Top of Available records

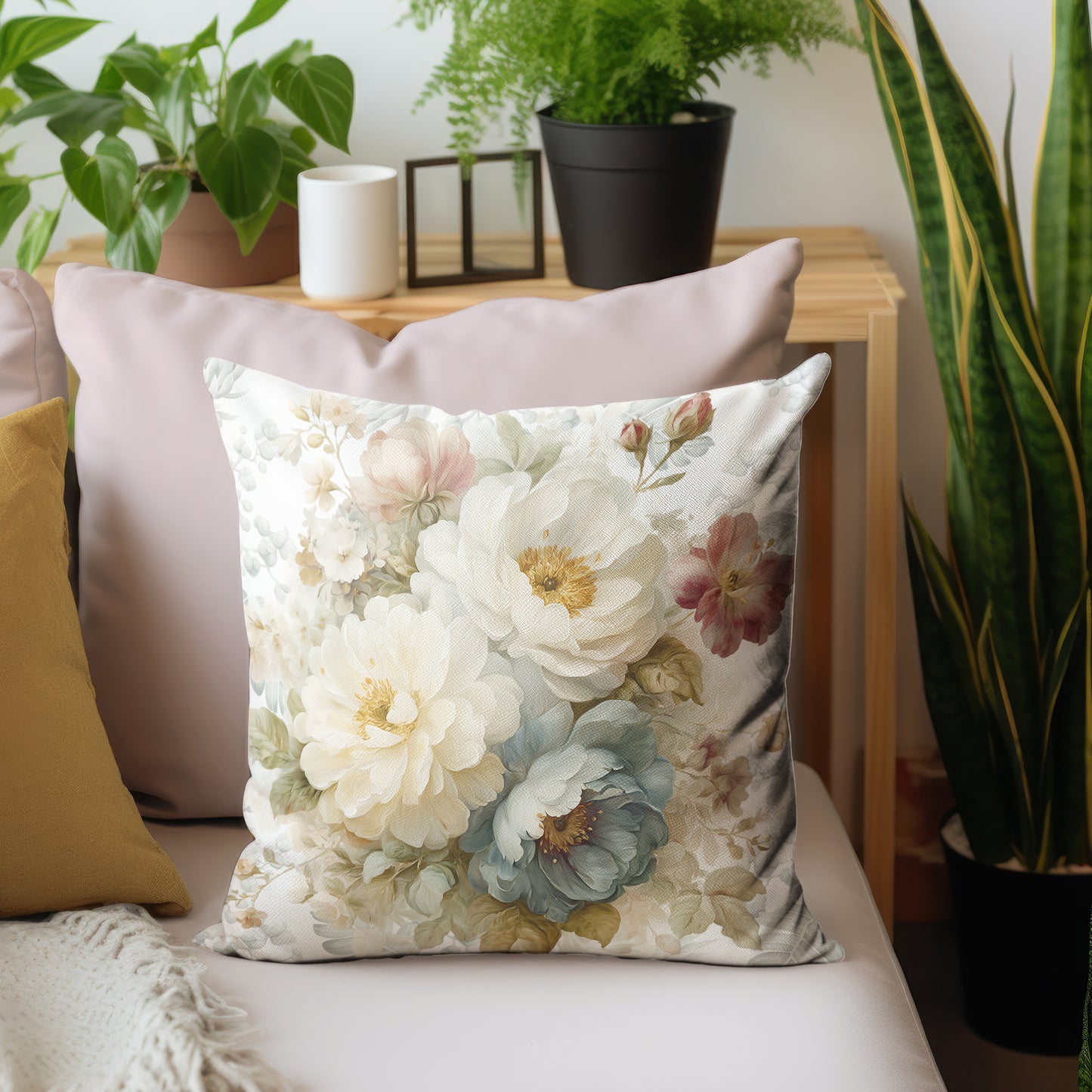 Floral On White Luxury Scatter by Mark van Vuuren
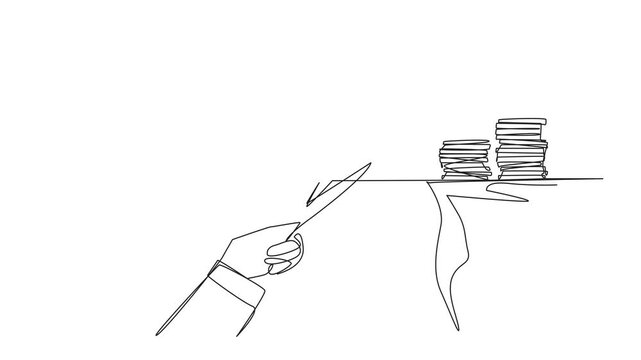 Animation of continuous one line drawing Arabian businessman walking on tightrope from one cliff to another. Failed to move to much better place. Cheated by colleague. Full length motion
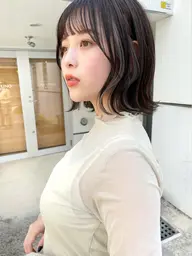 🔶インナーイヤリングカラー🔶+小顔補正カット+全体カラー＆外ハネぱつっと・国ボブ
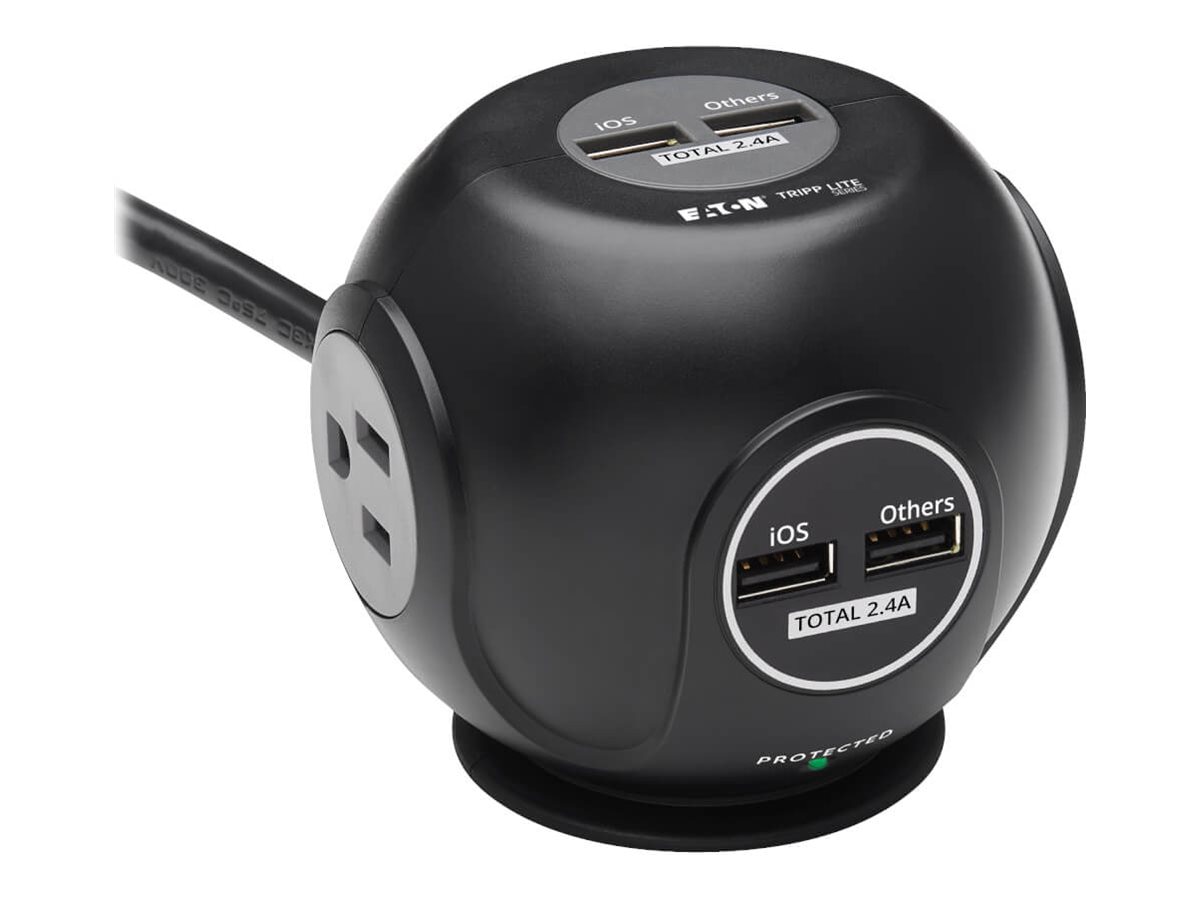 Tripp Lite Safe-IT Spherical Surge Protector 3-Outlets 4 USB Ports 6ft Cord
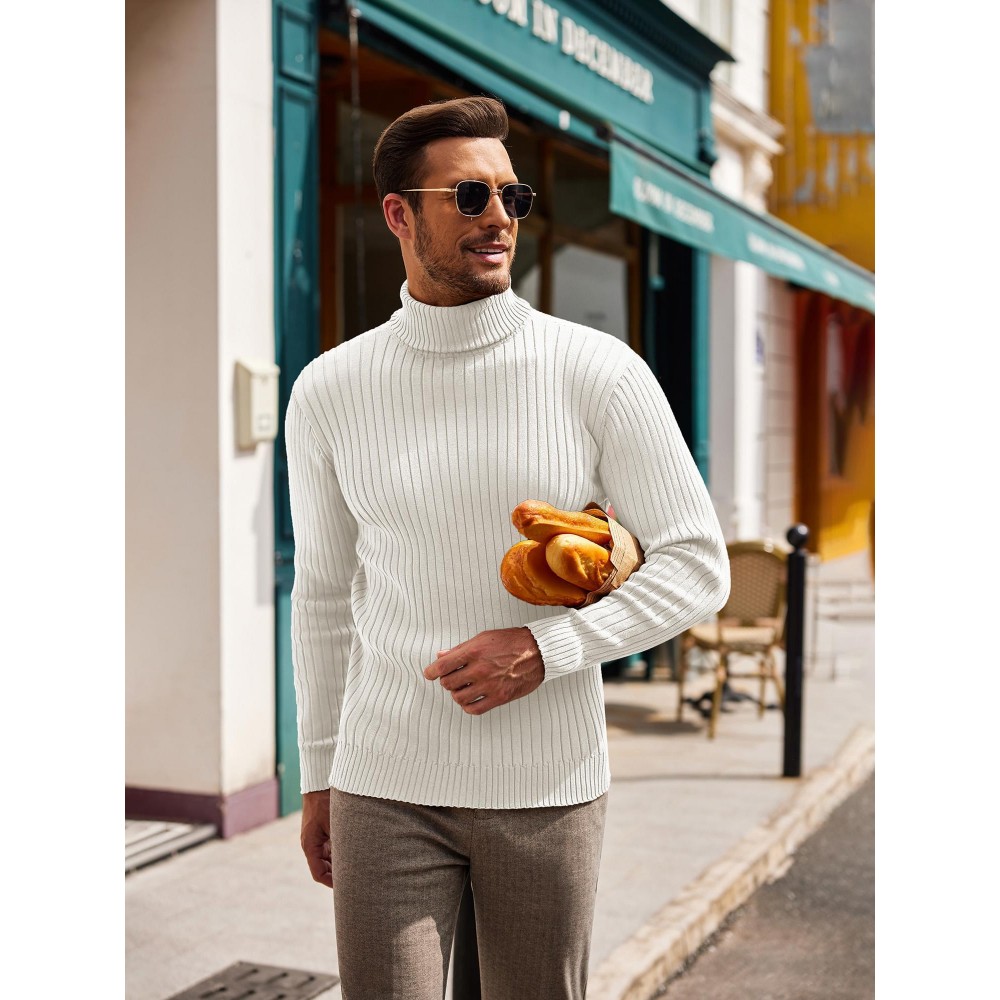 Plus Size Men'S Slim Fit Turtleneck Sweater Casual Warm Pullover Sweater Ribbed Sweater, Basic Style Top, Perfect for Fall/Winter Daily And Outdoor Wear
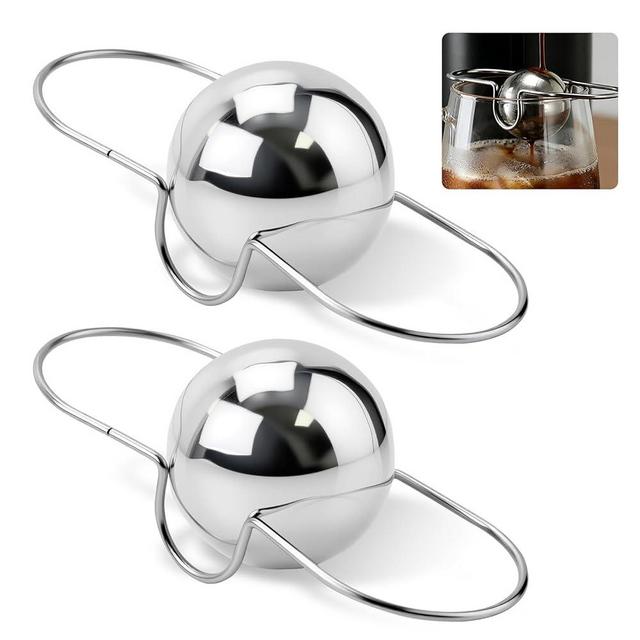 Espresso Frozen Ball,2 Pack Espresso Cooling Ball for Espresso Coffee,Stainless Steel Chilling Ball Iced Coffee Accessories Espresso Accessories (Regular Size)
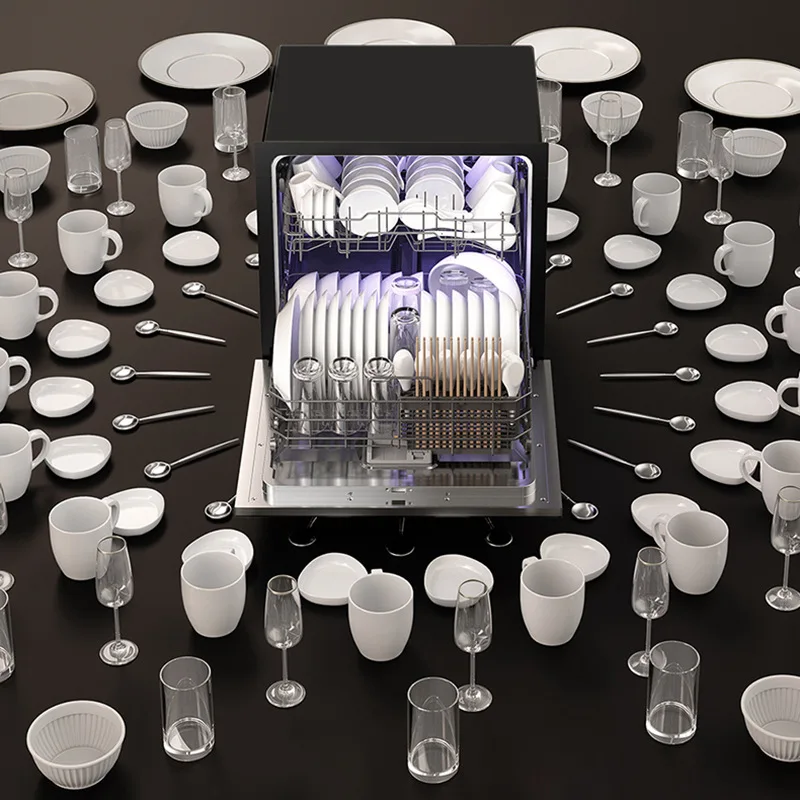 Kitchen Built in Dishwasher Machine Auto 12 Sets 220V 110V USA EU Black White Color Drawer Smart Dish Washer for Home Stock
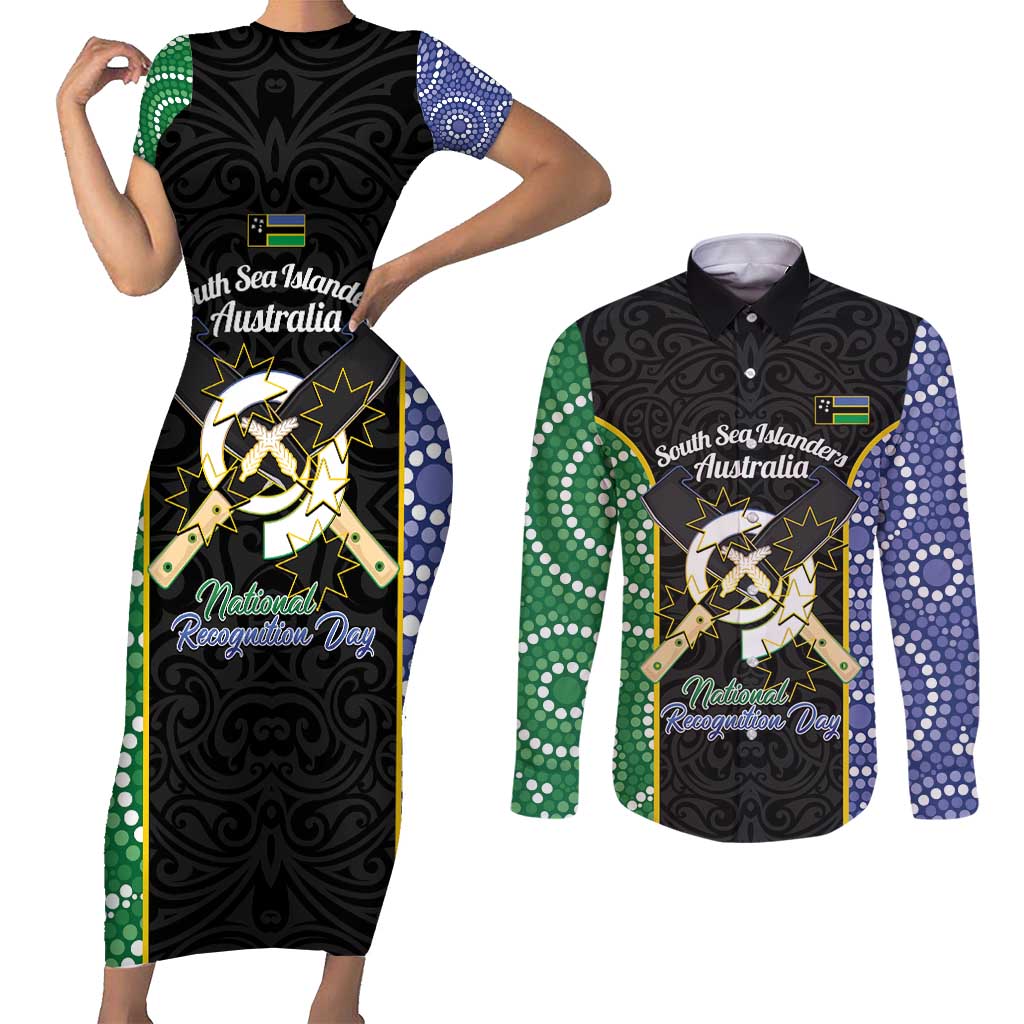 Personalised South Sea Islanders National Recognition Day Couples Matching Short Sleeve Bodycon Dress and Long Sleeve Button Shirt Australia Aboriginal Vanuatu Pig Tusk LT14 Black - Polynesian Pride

Bottom of Available records

*Try it*: If a picture appears among the entries, omit it and reproduce everything else exactly.

*Exercise output*:
 Floral On White Luxury Scatter by Mark van Vuuren
 Animation of continuous one line drawing Arabian businessman walking on tightrope from one cliff to another. Failed to move to much better place. Cheated by colleague. Full length motion
 🔶インナーイヤリングカラー🔶+小顔補正カット+全体カラー＆外ハネぱつっと・国ボブ
 Tripp Lite Safe-IT Spherical Surge Protector 3-Outlets 4 USB Ports 6ft Cord
 Plus Size Men'S Slim Fit Turtleneck Sweater Casual Warm Pullover Sweater Ribbed Sweater, Basic Style Top, Perfect for Fall/Winter Daily And Outdoor Wear
 Espresso Frozen Ball,2 Pack Espresso Cooling Ball for Espresso Coffee,Stainless Steel Chilling Ball Iced Coffee Accessories Espresso Accessories (Regular Size)
 Kitchen Built in Dishwasher Machine Auto 12 Sets 220V 110V USA EU Black White Color Drawer Smart Dish Washer for Home Stock
 Personalised South Sea Islanders National Recognition Day Couples Matching Short Sleeve Bodycon Dress and Long Sleeve Button Shirt Australia Aboriginal Vanuatu Pig Tusk LT14 Black - Polynesian Pride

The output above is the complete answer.